Service animals, emotional-support animals, and reasonable accommodation duties under the federal Fair Housing Act and KRS § 344.360 et seq..

KRS § 344.360 et seq. Kentucky fair-housing statute
Yes Service-animal misrepresentation statute
$25,597 Federal FHA first-offense max civil penalty (24 C.F.R. § 180.671)
2 questions HUD-permitted landlord inquiries on ESA
Federal baseline (uniform in Kentucky as in every state): The Fair Housing Act, 42 U.S.C. § 3604(f)(3)(B), requires Kentucky landlords to make reasonable accommodations in rules, policies, practices, and services when necessary to afford a person with a disability equal opportunity to use and enjoy a dwelling. HUD FHEO Notice 2020-01 controls assistance-animal requests; pet deposits/fees are prohibited for assistance animals; landlords may not require breed/size limits or "registration."

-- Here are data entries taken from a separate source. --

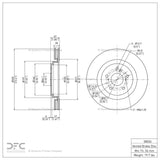 Dynamic Friction 2014-2020 Acura MDX Front GeoSPEC Coated Rotor (320x28 Vented) by Dynamic Friction Company 604-58026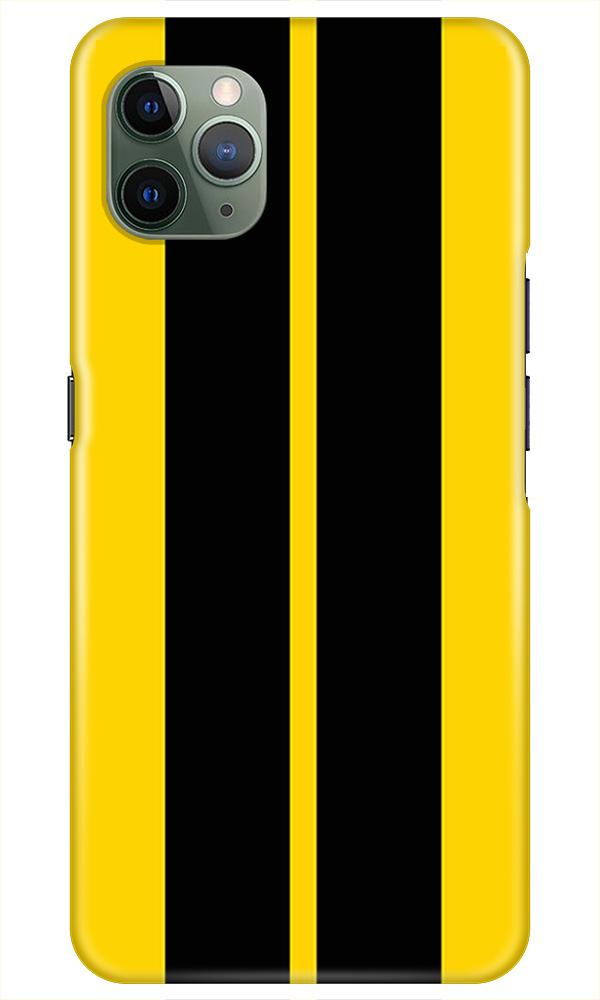Black Yellow Pattern Mobile Back Case for iPhone 11 Pro Max (Design - 377)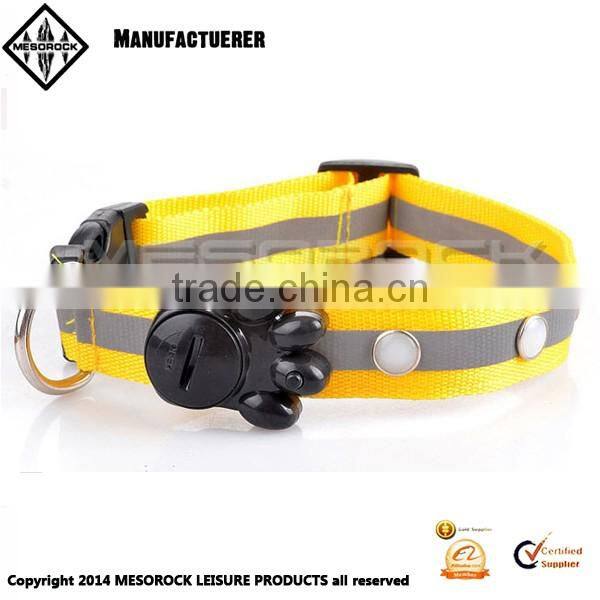 High quality custom pet collar colorful adjustable led nylon dog collar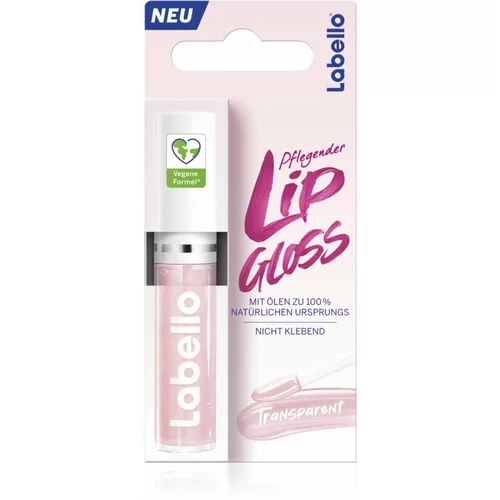Labello Lip Gloss negovalno olje za ustnice odtenek Transparent 5.5 ml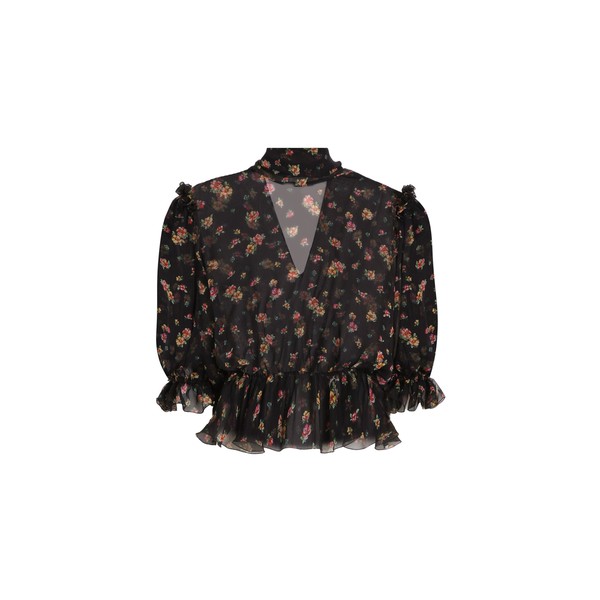 Dolce & Gabbana Small floral-print chiffon top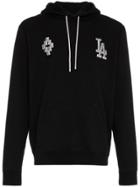 Marcelo Burlon County Of Milan Mb La Dodgers Hd Swt Blk Gry - Black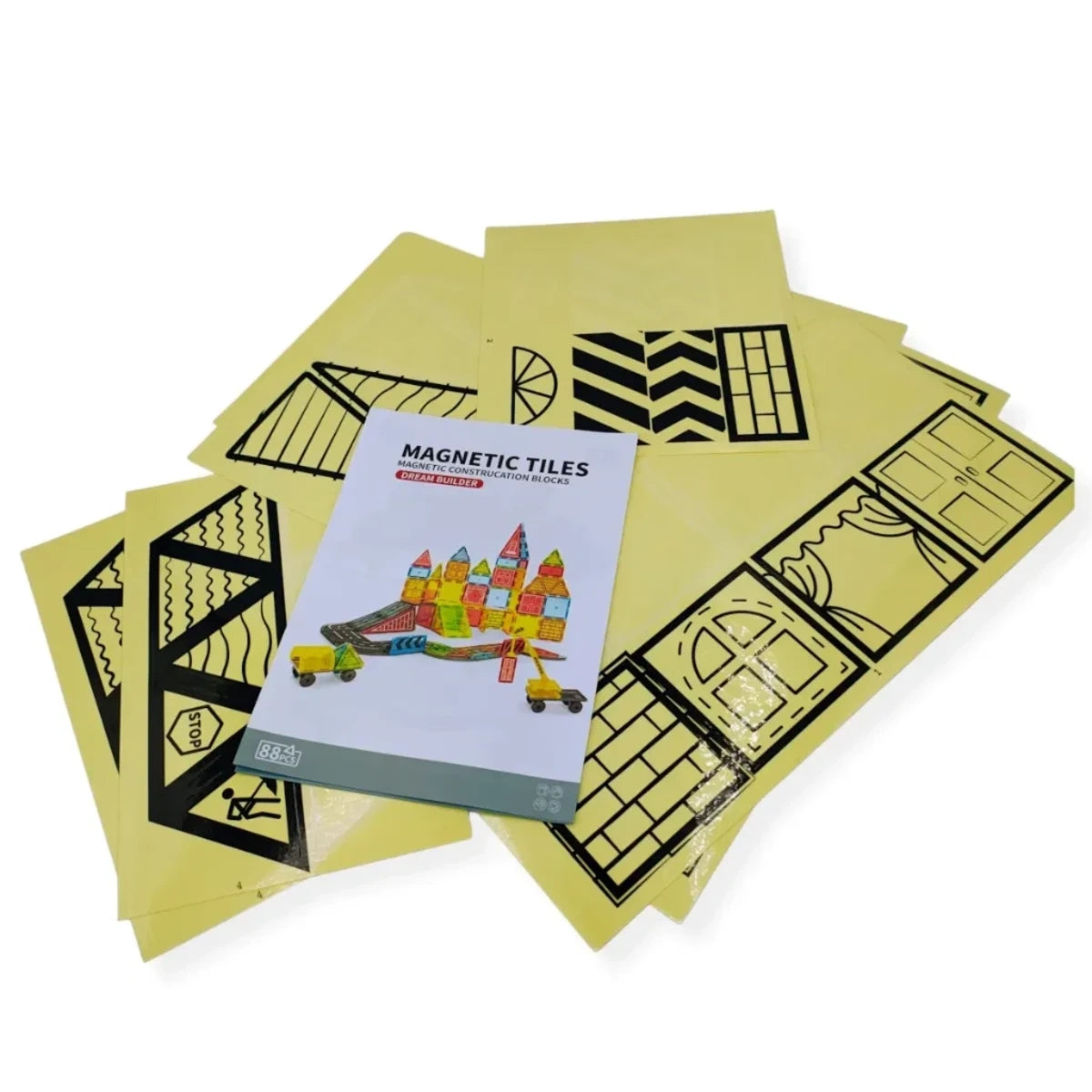Klocki magnetyczne XL 88 el. Magnetic Tiles Duży, od 3 lat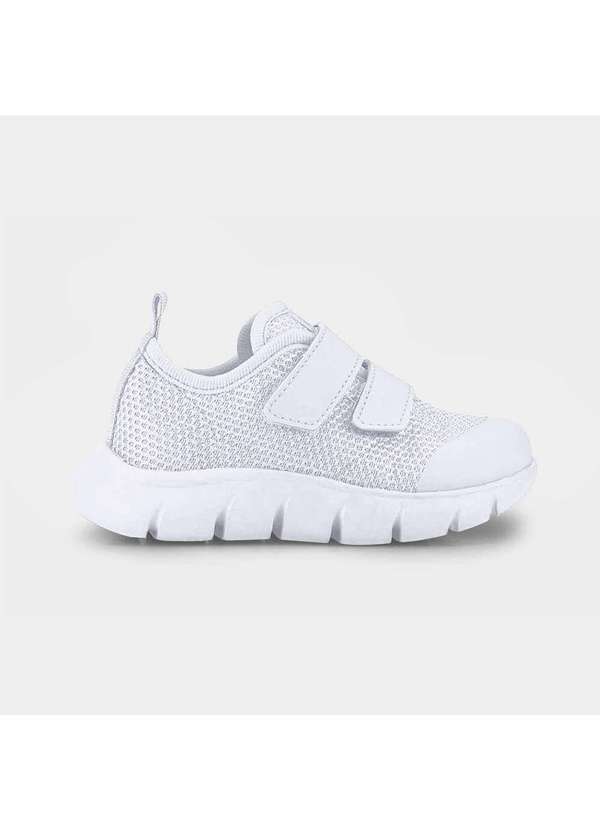Calçados Bibi - Tênis Infantil Bibi Energy Baby 2.0 Branco com Tiras Branco
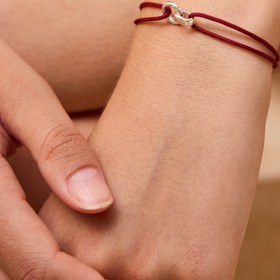 Resim Linker Bordo İp Bileklik 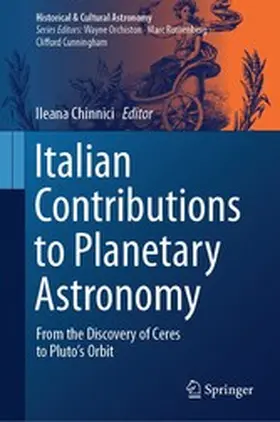 Chinnici |  Italian Contributions to Planetary Astronomy | eBook | Sack Fachmedien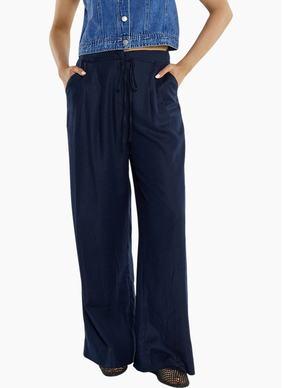 SASS BETH TAYLORED PANT-NAVY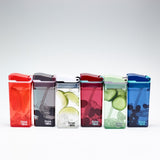 Drink in the Box Eco-Friendly Reusable Drink and Juice Box Container by Precidio Design, 12oz (Blue)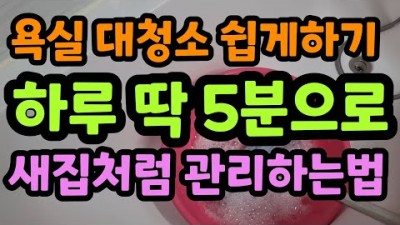 욕실청소 욕실타일 화장실청소 물때 제거 및 청소하는 방법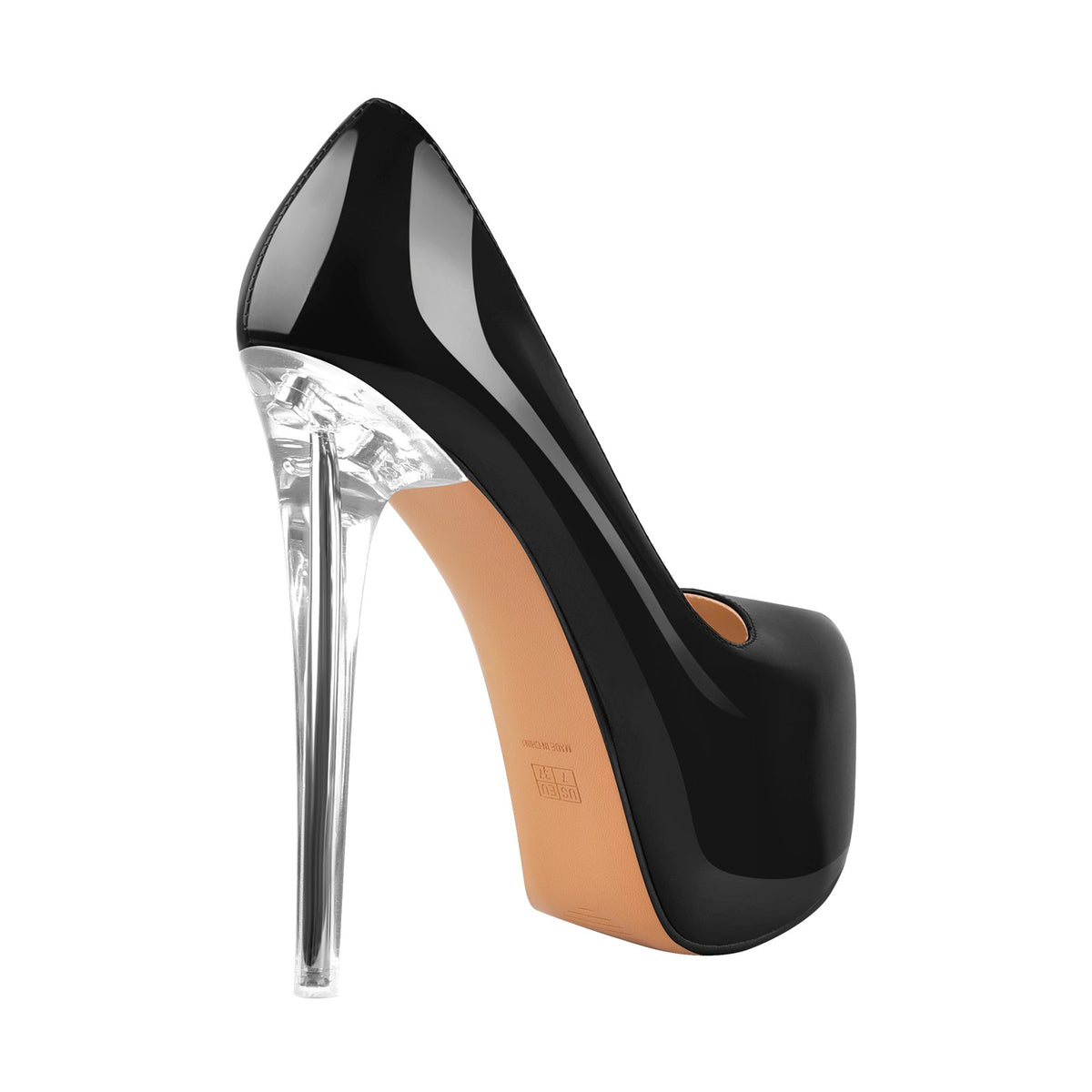 Pointed Toe Platform Clear Heel Stiletto Pumps | Onlymaker Smart Buy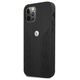 Original Case IPHONE 12 / 12 PRO BMW Hardcase Leather Curve Perforate (BMHCP12MRSPPK) black 3666339010904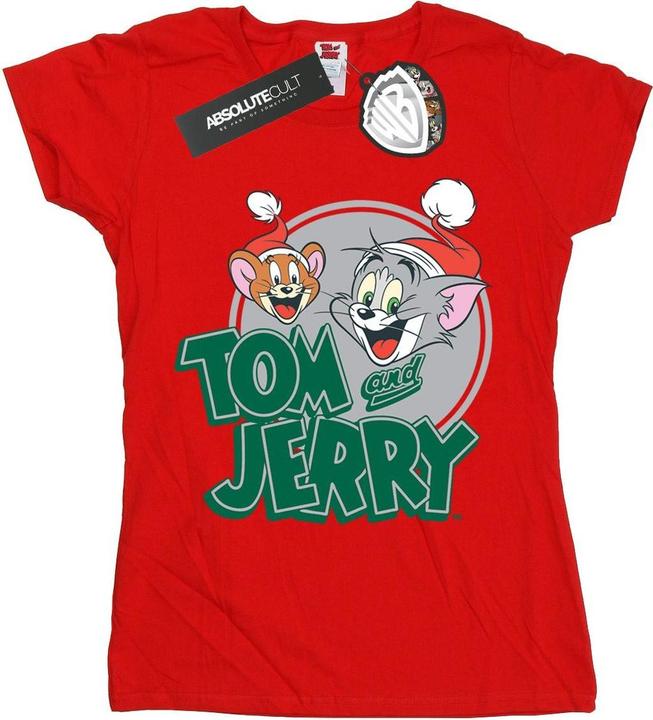 Tom & Jerry Christmas Greetings TShirt (M)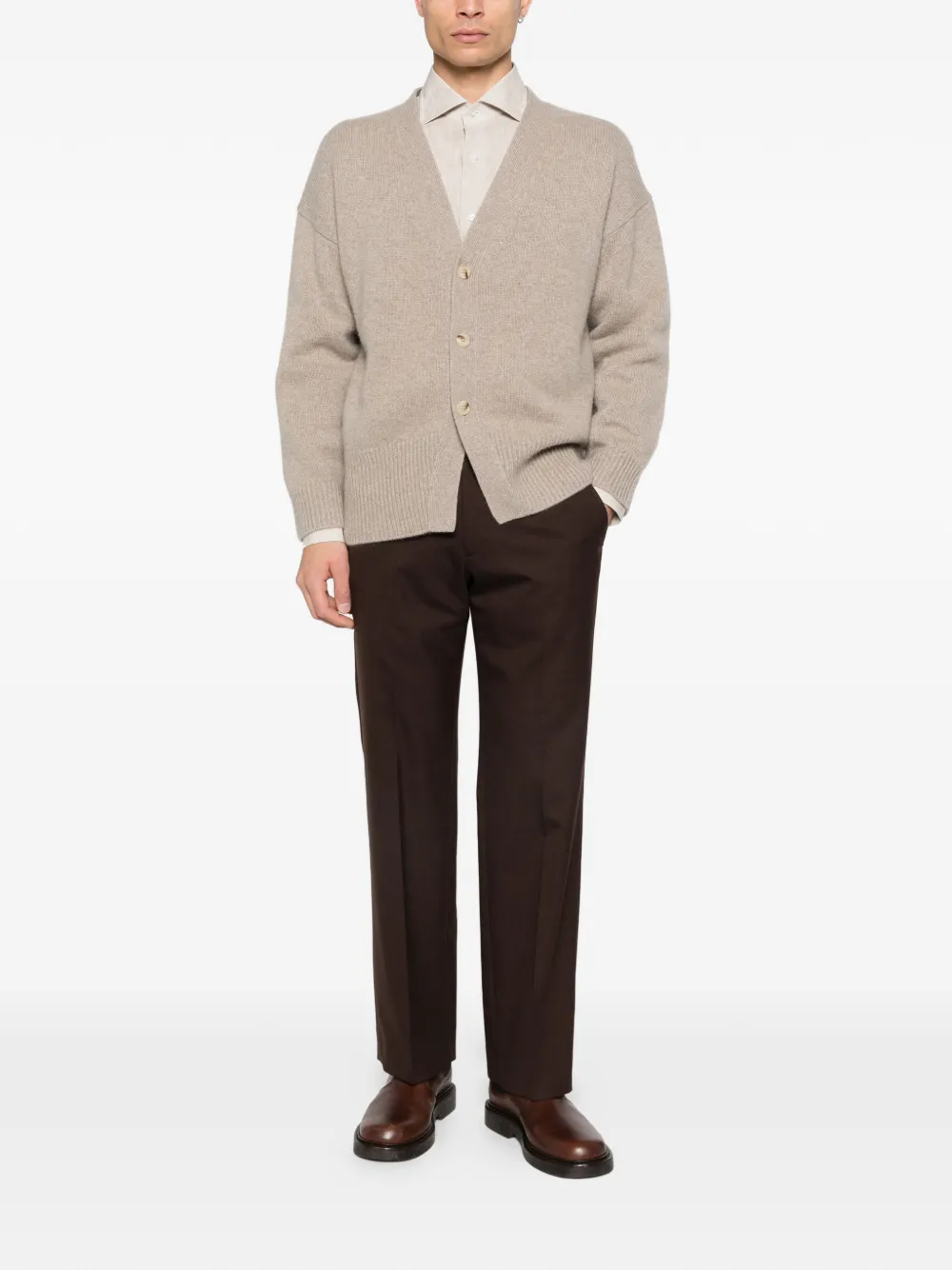 Isaia buttoned long-sleeve shirt - Beige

Disabled applicants and tenants in Kentucky are protected by two overlapping laws: the federal Fair Housing Act (42 U.S.C. 3604(f)) and the Kentucky Civil Rights Act (KRS Chapter 344), whose housing provisions sit at KRS 344.360. Kentucky's statute tracks the federal standard closely — it does not impose a stronger accommodation duty than federal law, so the FHA is your practical baseline in every Kentucky county. Both laws require you to bend your rules when a disabled tenant needs it (a reasonable accommodation) and to allow physical changes to the unit (a reasonable modification). The two obligations carry different cost rules, different paperwork limits, and different grounds for a lawful denial. Confusing them is where most fair housing complaints begin.

What Kentucky Law Adds

Mirrors federal FHA; adds smoker/nonsmoker status in some cities.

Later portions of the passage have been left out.